How do you read a topographic map?
Topographic maps use legends that have different colors. Legend explains what each symbols represents.
The following are the rules on how to read your topographic map easier:
A. A contour line of one elevation never crosses or divides a contour line of another elevation. Each contour line represents only one elevation. The contour lines cannot intersect since one point cannot have two different elevations.
B. Closely spaced contour lines represent a steep slope. The lines are closely spaced because the elevation of a steep slope changes greatly over a very short distance. Contour lines spaced far apart represent a gentle slope. The lines are far apart because the elevation of a gentle slope changes only slightly from one point to another.
C. Contour lines that cross a valley are V shaped. If a stream flows through the valley, the V will point upstream, or in the direction opposite to the flow of the stream.

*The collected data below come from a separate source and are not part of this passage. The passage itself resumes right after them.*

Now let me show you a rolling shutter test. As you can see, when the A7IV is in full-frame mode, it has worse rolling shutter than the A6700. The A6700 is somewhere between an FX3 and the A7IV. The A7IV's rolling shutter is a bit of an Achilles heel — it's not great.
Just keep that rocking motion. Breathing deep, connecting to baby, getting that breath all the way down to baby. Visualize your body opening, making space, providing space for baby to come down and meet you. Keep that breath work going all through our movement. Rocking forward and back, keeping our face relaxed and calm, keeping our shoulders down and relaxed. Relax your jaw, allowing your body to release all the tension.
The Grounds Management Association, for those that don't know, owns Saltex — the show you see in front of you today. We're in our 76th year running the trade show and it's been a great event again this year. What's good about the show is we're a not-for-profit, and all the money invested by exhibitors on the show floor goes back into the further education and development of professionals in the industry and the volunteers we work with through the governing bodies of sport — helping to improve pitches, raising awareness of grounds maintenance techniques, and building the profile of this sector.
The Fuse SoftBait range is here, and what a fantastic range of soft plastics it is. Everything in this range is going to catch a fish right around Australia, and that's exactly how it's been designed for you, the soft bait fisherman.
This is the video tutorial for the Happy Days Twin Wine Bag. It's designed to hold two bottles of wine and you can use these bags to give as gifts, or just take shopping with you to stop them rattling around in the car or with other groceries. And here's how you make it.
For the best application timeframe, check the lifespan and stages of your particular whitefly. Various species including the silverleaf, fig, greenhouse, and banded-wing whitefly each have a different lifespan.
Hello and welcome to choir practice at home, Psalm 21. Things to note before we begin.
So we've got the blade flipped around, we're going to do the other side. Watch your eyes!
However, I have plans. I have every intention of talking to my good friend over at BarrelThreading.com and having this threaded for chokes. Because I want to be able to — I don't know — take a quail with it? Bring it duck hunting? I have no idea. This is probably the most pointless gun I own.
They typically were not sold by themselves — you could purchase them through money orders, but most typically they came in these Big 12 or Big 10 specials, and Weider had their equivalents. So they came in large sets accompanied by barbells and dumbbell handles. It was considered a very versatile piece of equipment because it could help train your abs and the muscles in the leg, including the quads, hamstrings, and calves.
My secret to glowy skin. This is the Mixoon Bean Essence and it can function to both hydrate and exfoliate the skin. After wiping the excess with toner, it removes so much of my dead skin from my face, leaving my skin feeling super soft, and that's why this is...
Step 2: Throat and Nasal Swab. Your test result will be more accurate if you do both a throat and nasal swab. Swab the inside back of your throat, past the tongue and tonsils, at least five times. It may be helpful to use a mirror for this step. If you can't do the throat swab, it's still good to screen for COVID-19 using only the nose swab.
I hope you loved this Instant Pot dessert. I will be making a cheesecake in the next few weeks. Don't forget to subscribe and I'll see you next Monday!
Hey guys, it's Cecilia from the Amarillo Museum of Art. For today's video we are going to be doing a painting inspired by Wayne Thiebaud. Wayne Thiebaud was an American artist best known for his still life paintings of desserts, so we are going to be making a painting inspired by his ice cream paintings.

D. Contour lines form closed loops around hilltops and depressions. Elevation numbers on the contour lines indicate whether a feature is a hilltop or depression. If the numbers increase toward the center of the closed loop, the feature is a hilltop. If the numbers decrease, the feature is a depression. Sometimes elevation numbers are not given. instead short dashes called hachures are used to indicate depression. Hachures are drawn perpendicular to the contour line that loops around a depression. The hachures point to the inside of the loop.